__PROBLEM__:
The lines below, from the one holding "100CM PC OUTDOOR" through the one holding "So yesterday there", are to be restated word for word, with all images left out.

__MATERIAL TO PROCESS__:
● ● ●

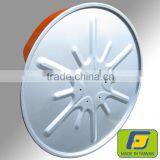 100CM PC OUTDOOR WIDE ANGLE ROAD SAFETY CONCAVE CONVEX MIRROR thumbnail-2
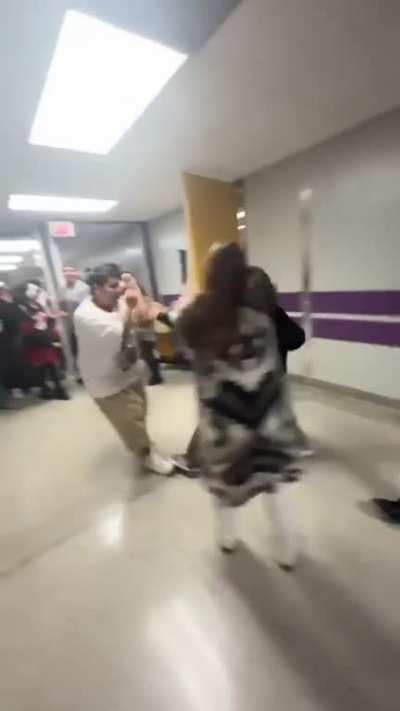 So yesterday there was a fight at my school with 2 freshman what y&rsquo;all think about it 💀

● ● ●

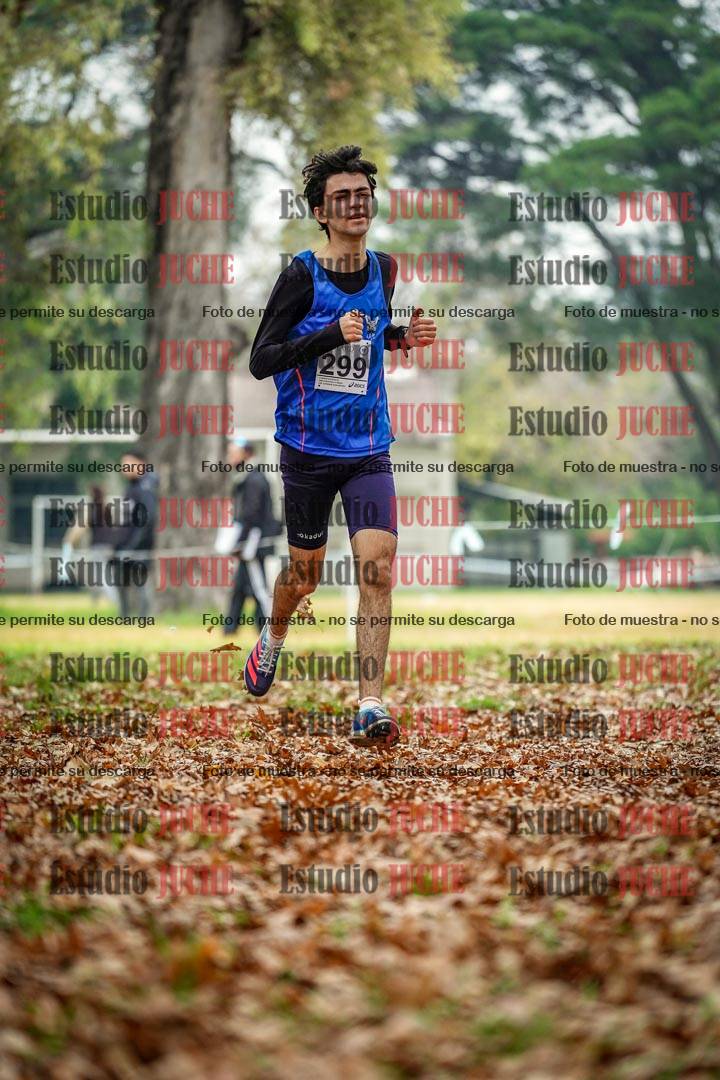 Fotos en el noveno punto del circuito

● ● ●

__TASK SOLUTION__:
 100CM PC OUTDOOR WIDE ANGLE ROAD SAFETY CONCAVE CONVEX MIRROR thumbnail-2
 So yesterday there was a fight at my school with 2 freshman what y&rsquo;all think about it 💀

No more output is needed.